Task brief:
The answer must be an exact copy of the lines from the one with "For Sale: $334,900" through the final line below, with no pictures and nothing else.

- - -

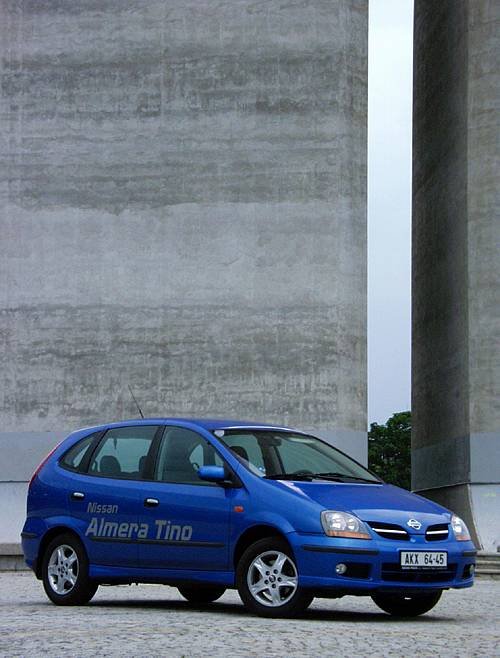 Nissan Almera Tino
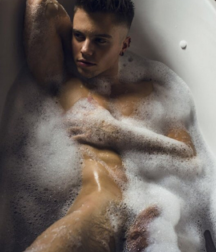 Some Great Pics! 5daa7ad6aadd4.png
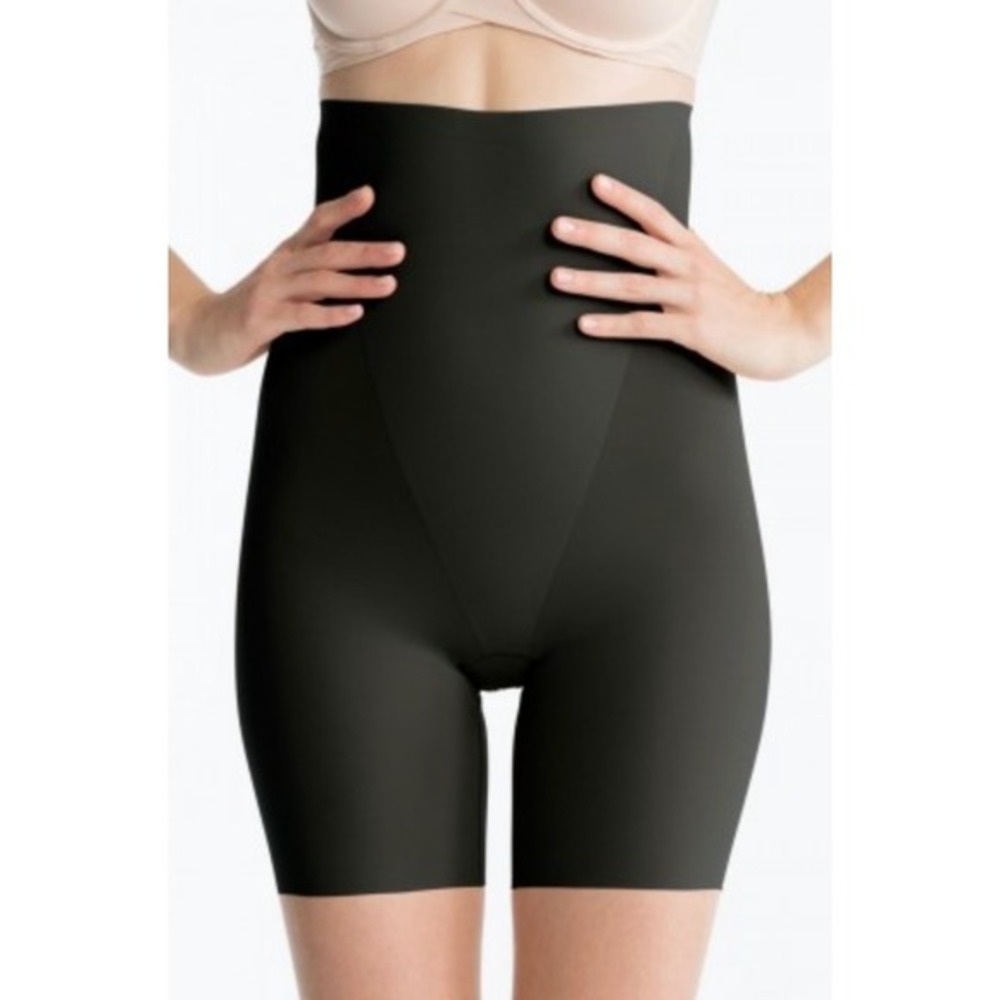 SPANX Trust Your Thinstincts High-Waist Shaper Shapewear Short Style 2123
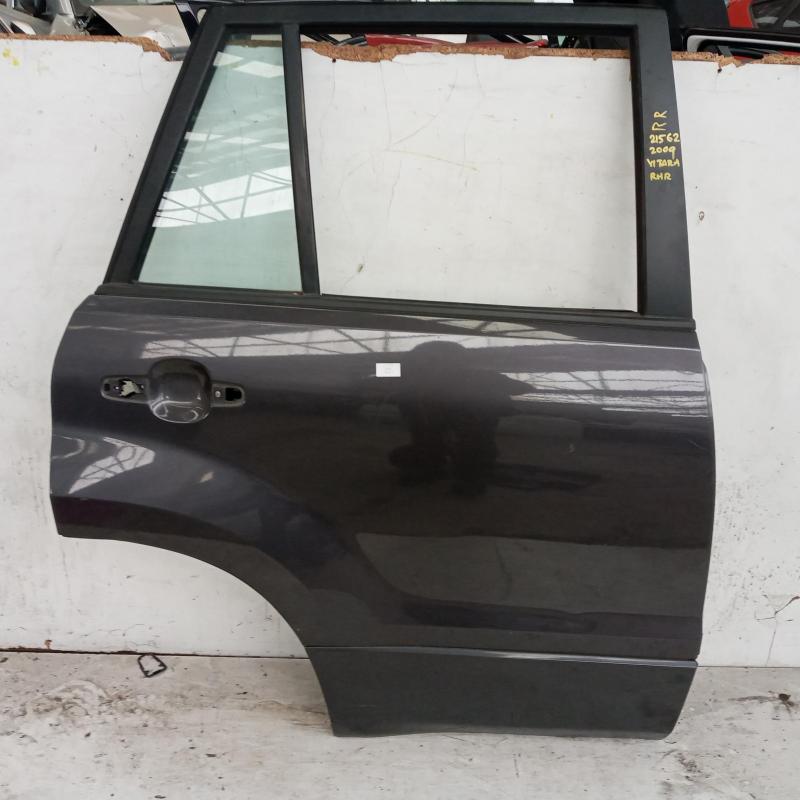 door/sliding rear right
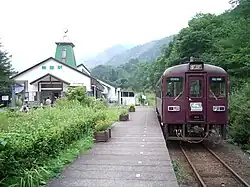 Abfahrbereiter Zug am Bahnsteig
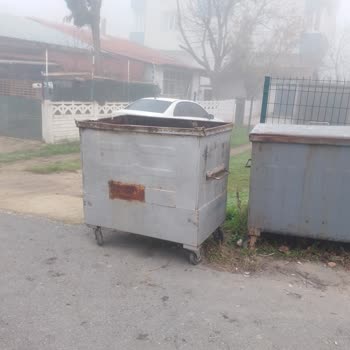 Kızılpınar’da Çöp Konteyneri Çıkış Yolunu Kapıyor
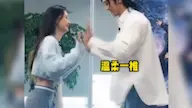 Download Video: 陈星旭、李兰迪、陈牧驰、何宣林优酷扫楼玩推手游戏，我一个视频嗑到三对儿cp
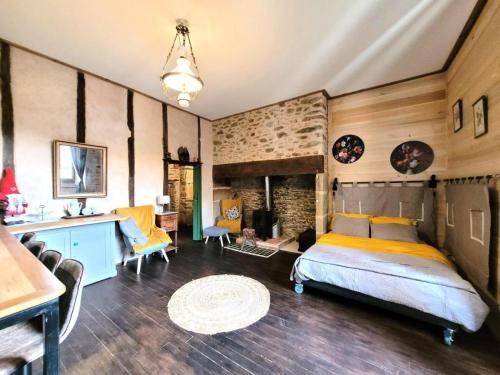 Altillac Apartment | Gîte de France Gîte de la pépinière de chapi 2 épis - Gîte de France 4 personnes MAE-4631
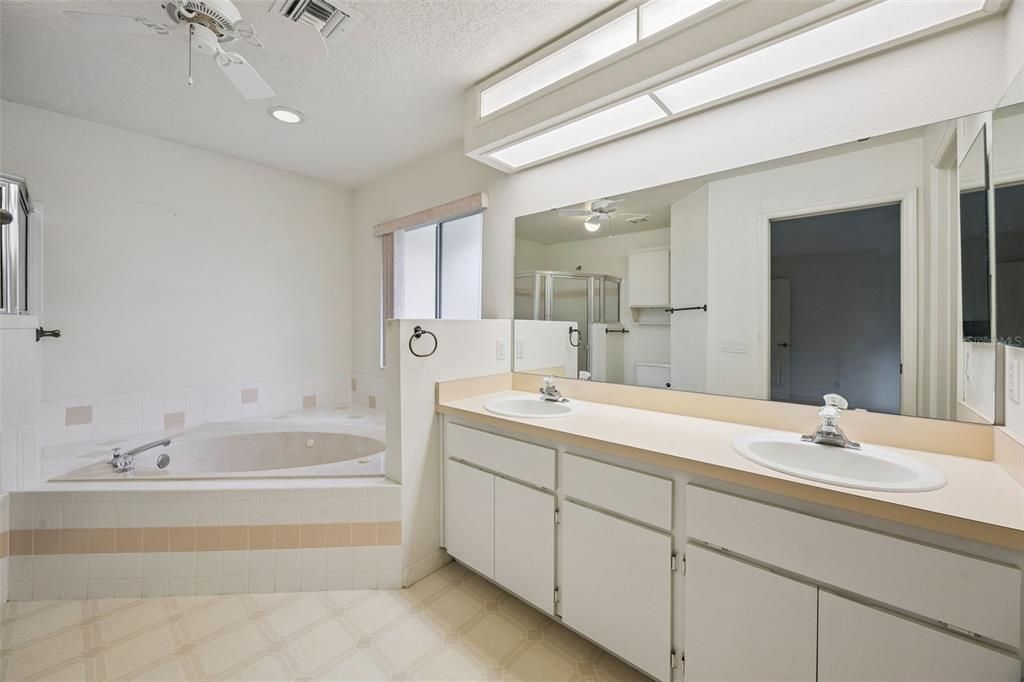 For Sale: $334,900 (3 beds, 2 baths, 2461 Square Feet)
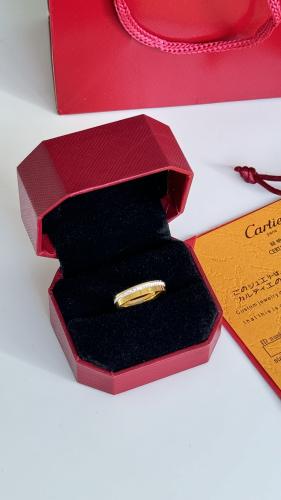 خاتم دبله كارتير الذهبي مع الملحقات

- - -

Answer space:
 For Sale: $334,900 (3 beds, 2 baths, 2461 Square Feet)
 خاتم دبله كارتير الذهبي مع الملحقات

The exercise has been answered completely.